Today I realized the strengths and speed of Lucene, but I also realized something else: Zend_Search_Lucene is painfully slow compared to Java’s implementation of it, and it requires a ton of memory to perform Lucene searches. The ease of development, in this case, is not worth the hassle (and the memory leaks).
The great alternative, albeit a pain in the ass to implement (due to debugging and not playing friendly with IDEs), is the PHP/Java Bridge method of doing a Lucene search. I was able to perform a sample search against a Lucene index with Zend’s implemention in an average of 0.30 milliseconds (varying by 0.1 milliseconds) with a required 50mb of memory allotted to the PHP script on an index containing 29,000 documents. I was able to swap out the Zend-specific objects and replace them with PHP/Java Bridge SOAP/Java methods. I really didn’t think I had much to gain by doing this other than cutting down on my memory usage. I thought just by the pure fact it had to make a socket connection and then make calls to the java Lucene jar file, I was going to lose time… I was totally wrong on this one. To run the same query against the vanilla tomcat server running in local mode through the PHP/Java Bridge took a consistent 0.01 milliseconds with almost no variance.

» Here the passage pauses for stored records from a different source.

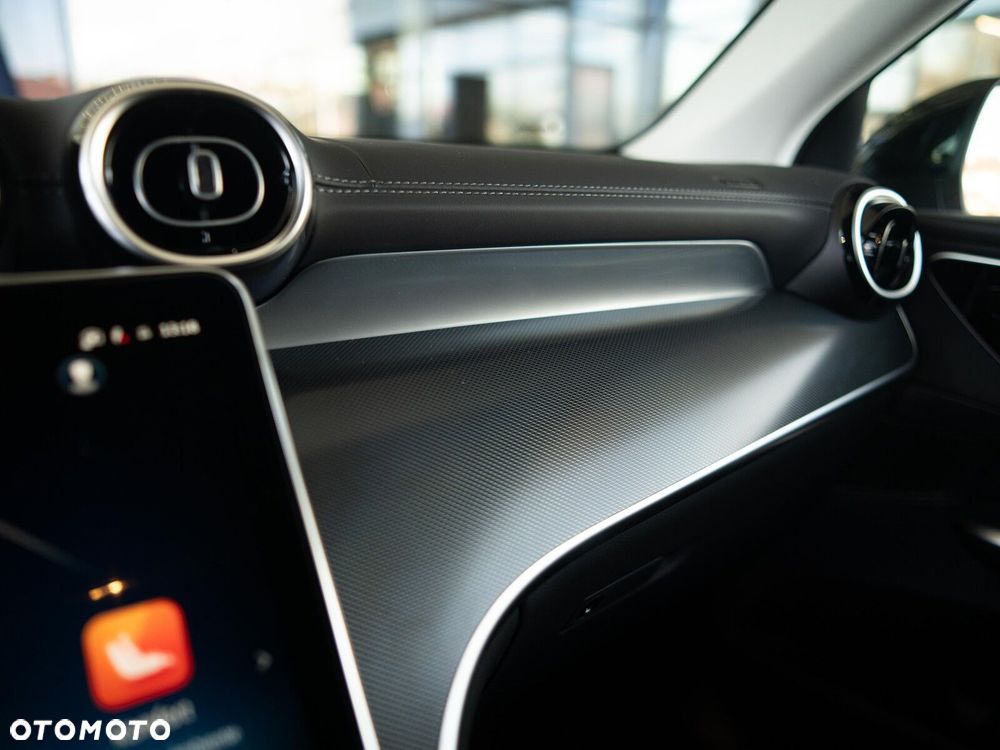 Mercedes-Benz GLC - 26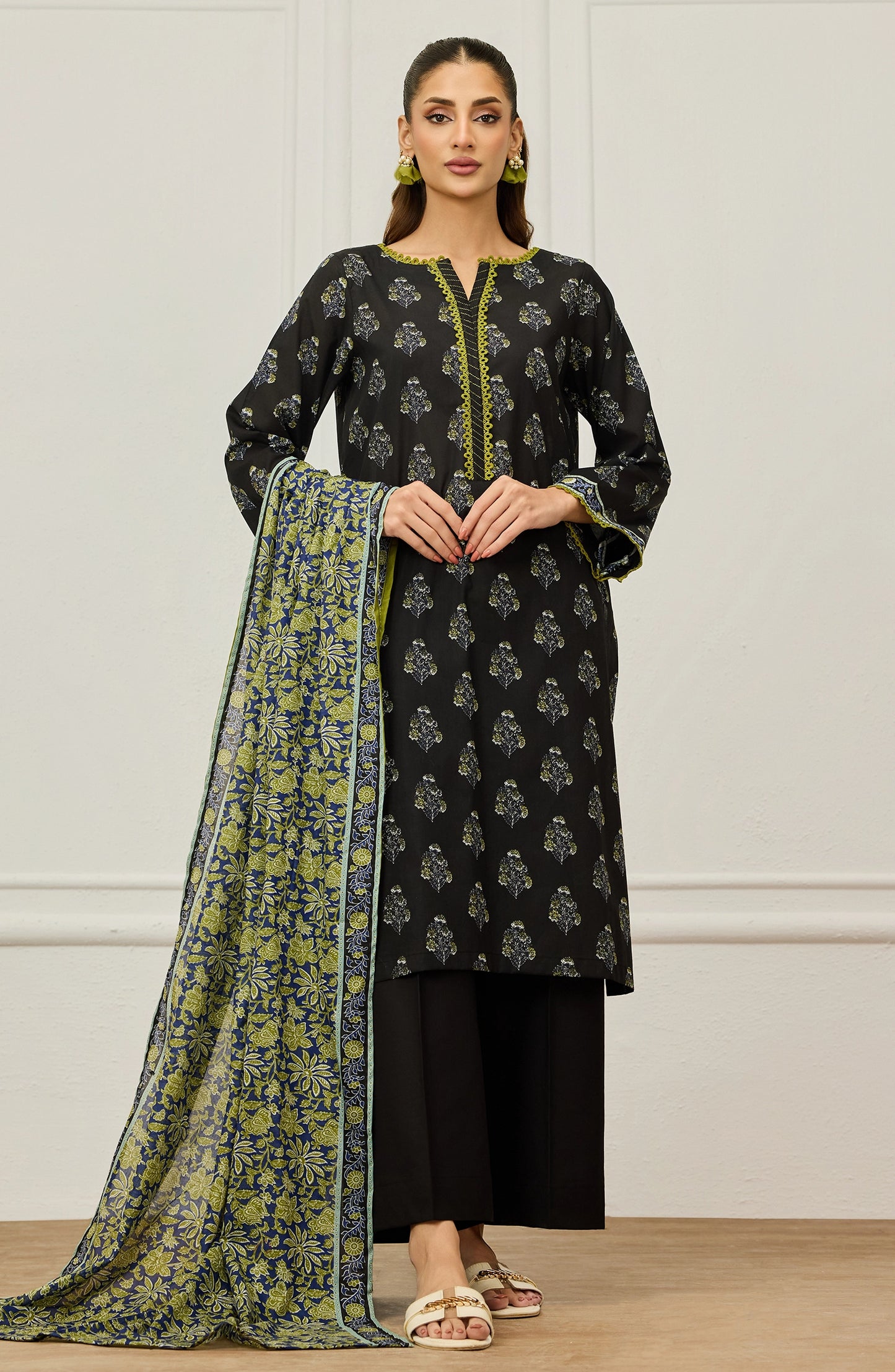 Unstitched | 3 Piece | Printed | Lawn Shirt | OTL-20575/U BLACK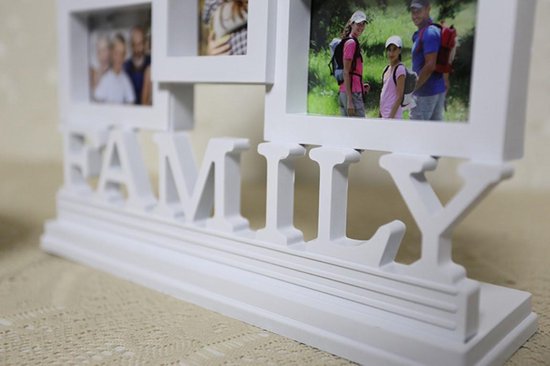 Cadre photo - pour les photos de famille. Avec des lettres FAMILY comme  base et un... | bol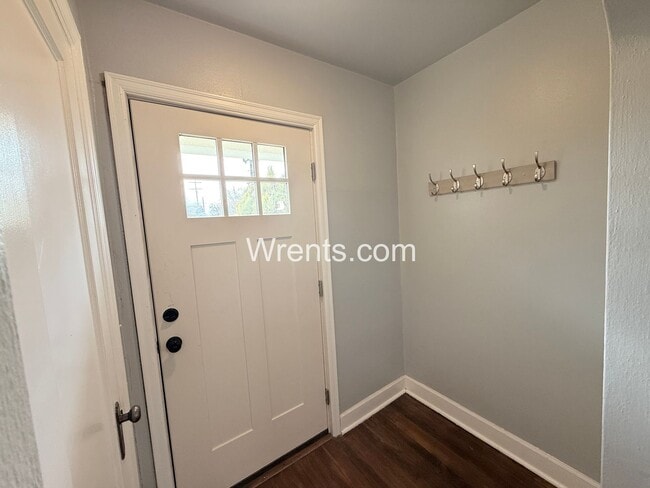 Building Photo - Beautiful 5-Bed, 2.5-Bath Home in the Heart of Spokane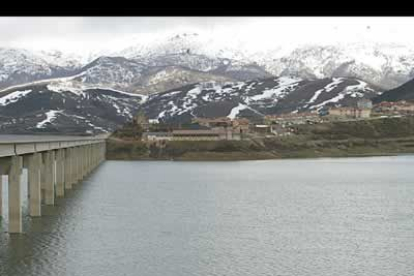 El pantano de Riaño, al máximo de su capacidad, con las montañas de Picos de Europa de fondo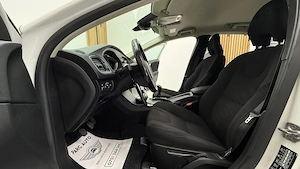 ** Volvo V40 ** - imagine 8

How do they compare side by side with a load test? This one shocked me too – the Zend_Lucene_Search implementation would theoretically max out a 4gb server memory with 80 concurrent connections. By today’s standard, a load of 80 concurrent users shouldn’t max out the server’s memory with an index size of 29,000 documents (with no extraneous binary storage) consuming ~15mb on the disk. That is totally unacceptable. The PHP/Java Bridge implementation survived well over a load of 1000 concurrent connections without maxing out the memory or the processor. The only problem I ran into was “too many open files” which a “ulimit” modification (with a tomcat restart) solved. However, I do not expect there to be thousands of connections to just this one server opened at the same time – I just wanted to see how much it could handle … and it turned out to be quite a lot!
|Zend_Search_Lucene||PHP/Java Bridge with Lucene|
|Query Execution time||0.30 ms||0.01 ms|
|Ease of Implementation||Easy||Moderate (difficult to debug)|
|Recommended Use||Internal Apps/Speed of development||Production Apps/Speed-critical applications|